To learn even more about how many individuals are unaware of their status, Lucia V. Torian, PhD, of the New York City Department of Health and Mental Hygiene, and colleagues studied individuals who presented to a busy NYC emergency room (ER) to discover how many were unaware of their status. The findings of their study were recently presented at the Conference on Retroviruses and Opportunistic Infections (CROI 2017) in Seattle, Washington.

Dr. Torian and her team gathered data from remnant serum of patients who visited the Bronx ER between March 8, 2015 and May 8, 2015. Blood was drawn from 63% of ER presenters, which was unusually high, according to the researchers. (The researchers noted that the study was blinded. Participants did not give consent in order to avoid patients’ bias due to perceived risk. In addition, all patient identifiers were permanently removed from the database.)

After drawing the blood, “the first consecutive 5,004 specimens appearing to have sufficient remnant serum to complete the two- or three-step testing algorithm for HIV or HCV were selected and transferred to the laboratory,” Dr. Torian and her team explained.

HIV diagnoses were screened using the fourth generation combination Antigen-Antibody immunoassay (Architect HIV Ag/Ab Combo) and confirmed with the second generation rapid HIV-1/HIV-2 differentiation assay (BioRad Multispot HIV-1/HIV-2 Rapid Test).

The Vitros Anti-HCV Immunodiagnostic Test screened for HCV with a reactive result being signal-to-cutoff ratio of >1.0. Infection was confirmed with the HCV RNA Polymerase Chain Reaction (PCR), with a positive result being >15 copies of HCV RNA/mL.

Out of the 4,990 completed tests for HIV, 308 patients were repeatedly reactive on screening.
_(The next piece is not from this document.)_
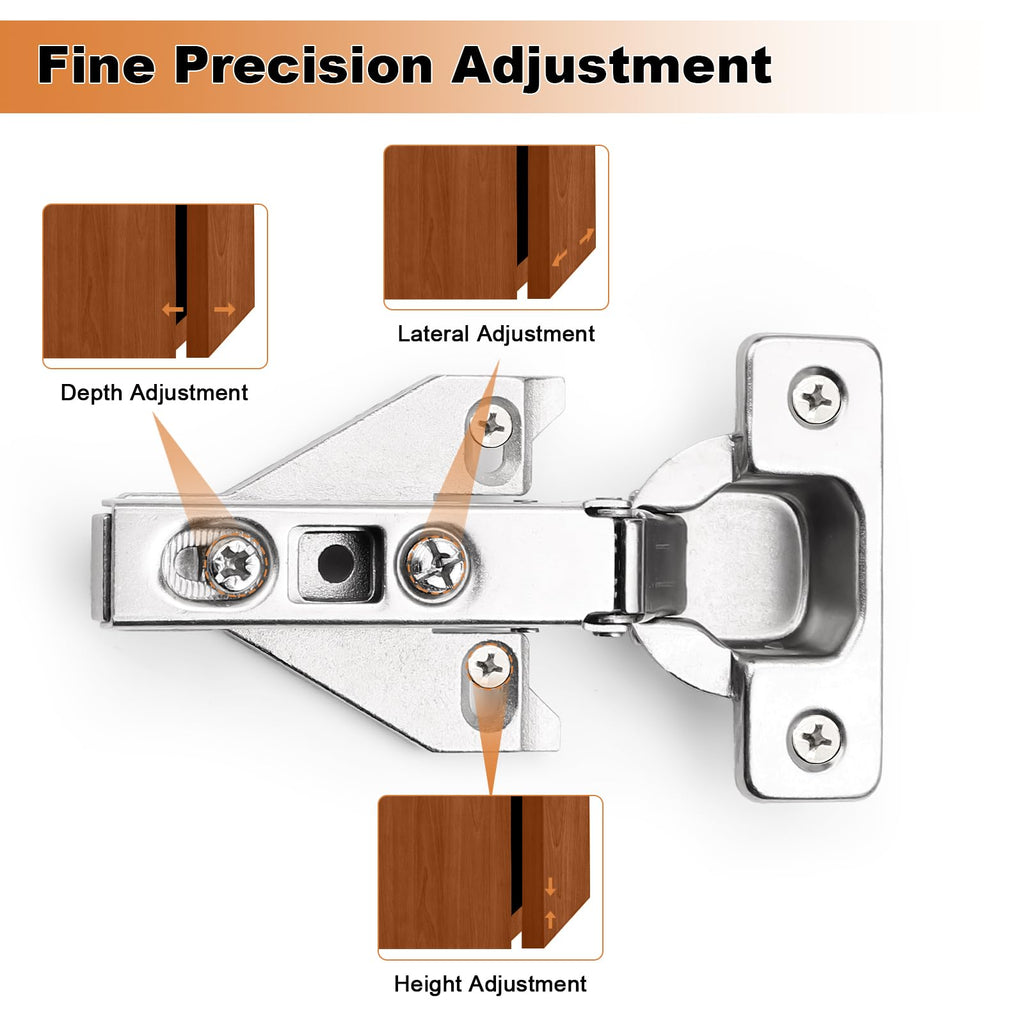 Clip On Face Frame Mounting Concealed Cabinet Hinges, 1 Pair
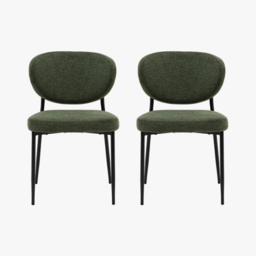 Kalmar Dining Chair in Green, Set of 2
Two hundred and forty-eight patients were reactive with supplemental testing and two patients had antibody-negative/RNA positive acute HIV infections—bringing the total to 250 HIV-positive ER visitors (5%). The researchers found that only 12 of the 250 individuals who tested positive were undiagnosed (seven males, five females). Seven of the undiagnosed patients were ages 40 to 59. The researchers found anti-HCV antibody in 372 of 4,989 participants (7.5%) with completed results. The confirmatory test showed HCV RNA positive in 196 individuals—38 of which (19.2%) of which were undiagnosed.

The researchers also found a substantial number of coinfections in the cohort of patients. Of HIV-positive individuals, 32% had anti-HCV antibody; 21% of those who were anti-HCV positive had HIV. In addition, 16% of those with HIV were HCV RNA positive; 19% of HCV RNA positive also had HIV.

According to the researchers, the prevalence of HIV and the number of undiagnosed cases were actually the lowest in the history of serosurveys conducted in NYC ERs. The prevalence of HCV and the number of undiagnosed cases, however, were higher in this serosurvey than what officials estimated city-wide. Those individuals from the baby boomer generation (those born between 1945 and 1965) had the highest HCV prevalence in the study. According to the Centers for Disease Control and Prevention (CDC), “national prevalence data show that people born during these years are five times more likely than other adults to be infected.” The researchers found that individuals aged 40 to 59 years and 70 to 89 years also had high rates of HCV.

Although this study shows the number of undiagnosed patients on a localized scale, the CDC estimates that on a larger scale, 13% of individuals infected with HIV and 50% of individuals infected with HCV are not aware of their positive status.